The ten visitors represented four villages in Sweden that are involved in a European Transition project to encourage more sustainable living. They found out about the Gloucestershire Energy Co-operarative online, and contacted us to ask if we could arrange a three day study visit for them. Richard Walter, who happens to be treasurer for four local environmental and social initiatives – Gloucestershire Community Energy Co-operative, Transition Town Cheltenham, Cheltenham Green Doors and Global Footsteps – took on the challenge of organising their trip to Cheltenham.
As part of their study tour the Swedes visited our large solar panel array at the CityWorks building in Gloucester and were interested in how our co-operative model of funding and share ownership worked. It seems we have much more support from the UK government in the form of tax advantages and feed-in tariff than they have in Sweden. While touring the building they were so impressed by the colourful items in the Scrapstore, which recycles material that would otherwise go to landfill, that the visitors decided to buy some of the ribbons, rattles and rag dolls to take back home to Sweden! The talk from Reyaz of Gloucester Fairshares Timebank was particularly interesting, comparing the approach to volunteering in the two countries and the tax treatment voluntary work in Sweden.
Another highlight for the visitors was a trip to St James’s City Farm in central Gloucester. Here, the Swedes were able to share their experiences of ‘pig-sharing’ where a few families jointly own and care for a small number of farm animals and benefit from local, fresh food.
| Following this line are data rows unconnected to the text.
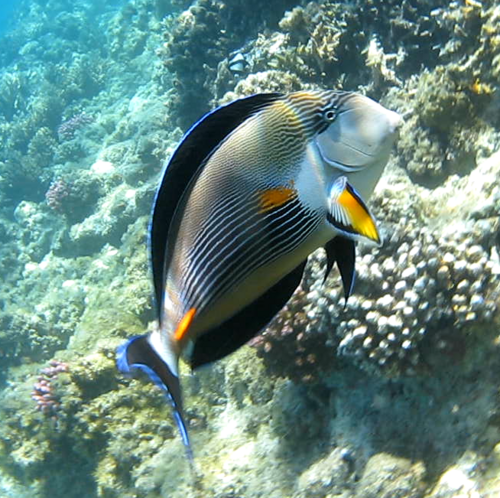Sohal Surgeonfish — seen at this dive site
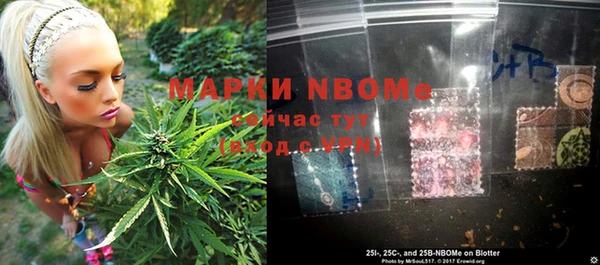 Альфа ПВП Лагань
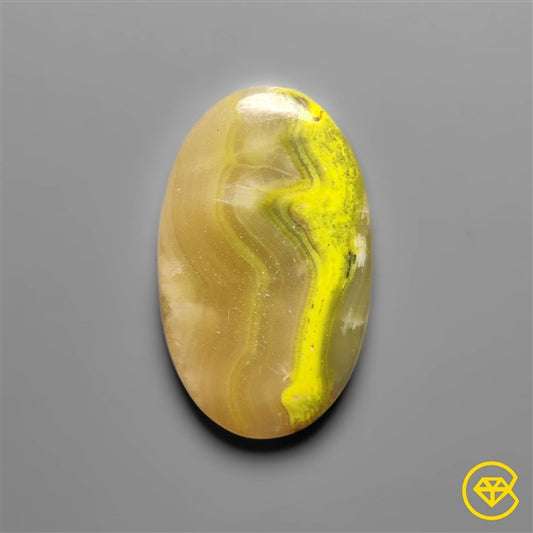 Bumble Bee Jasper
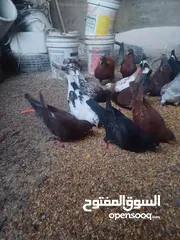  3 طيور حمام للبيع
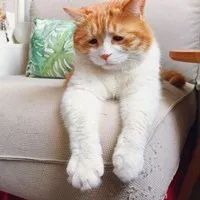 出远门再也不用担心“毛孩子”啦！在常州机场，宠物们也能坐飞机了~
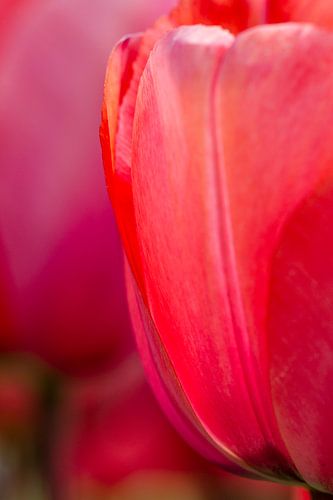 Rode tulp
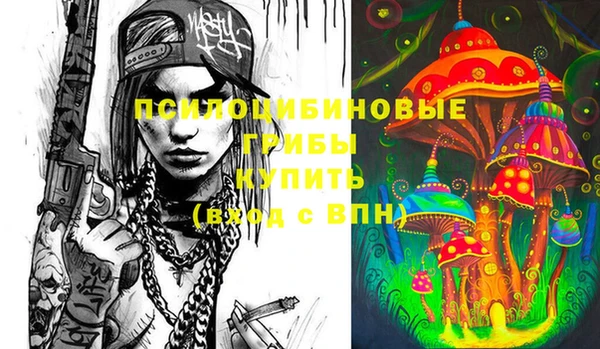 скорость Новодвинск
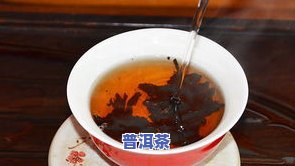 普洱茶老茶头：口感、品质如何评价？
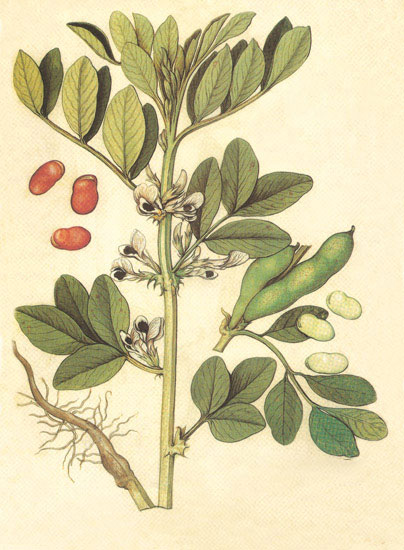 Compatible Floral for JAHRRIESNGE flowers-lpf06849 Compatible Floral JAHRRIESNGE for flowers-lpf06849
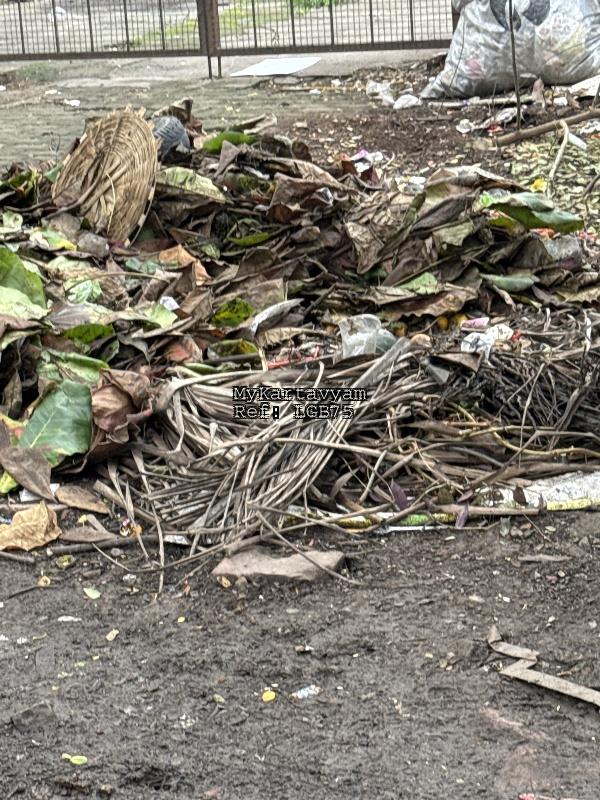 Dry leaves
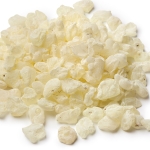 мастиковое дерево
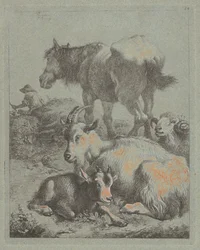 Koń, Baran, Koza z Dzieciątkiem, W oddali pasterz ze stadem, 1759.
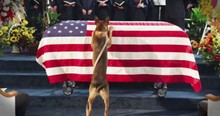 Trailer For The Movie 'Max' About A Marine Dog And His Family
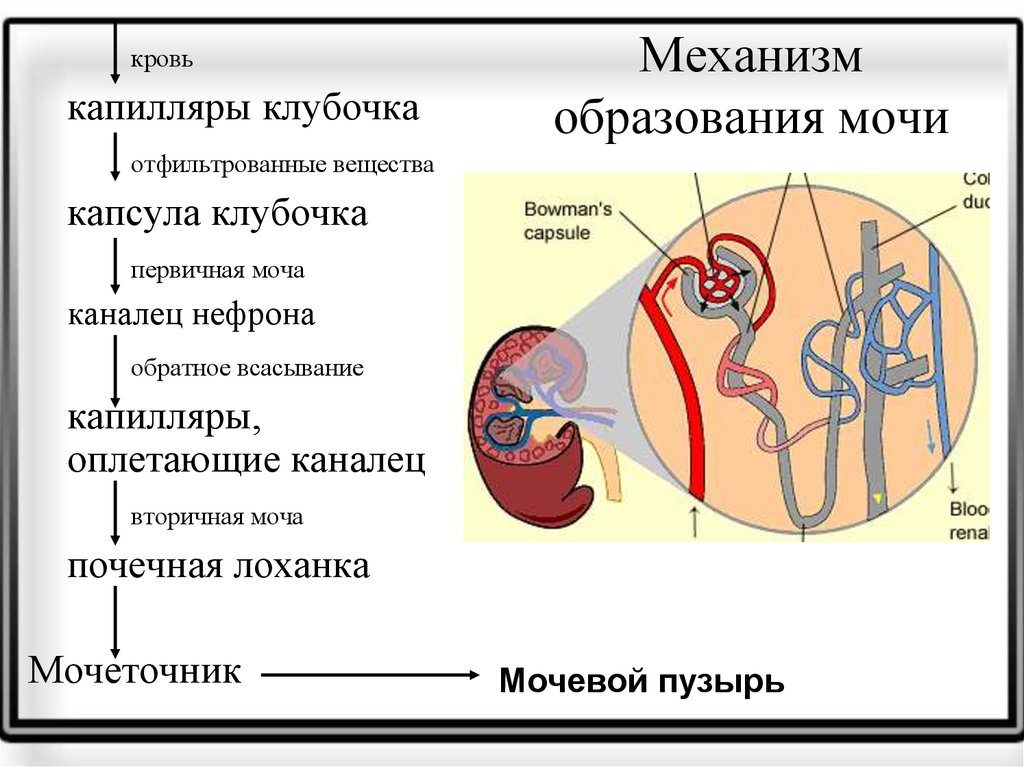 Схема образования мочи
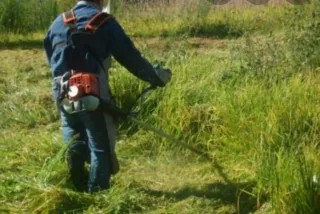 Servicios de Jardinería, Siega, Riego, Plantación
It’s certainly a step on from the ‘car-sharing’ that happens in this country.
The group also visited and learnt about many other local initiatives, including Cheltenham Green Doors open homes group, Cheltenham Community Composting site, Vision 21′s Reclaim furniture recycling project and the Global Footsteps charity and cafe. For a break from having to speak English (which they did very well) we also arranged for them to have a meal with the Cheltenham Swedish Society at SVEA, Cheltenham’s very own Swedish cafe.
Upon arrival home the Swedes sent us their thanks (and mentioned that it was a bit colder at home than here) and said they had been inspired by the trip. Hopefully a small part of Scandinavia will be a bit greener thanks to lessons learnt in Cheltenham and Gloucester!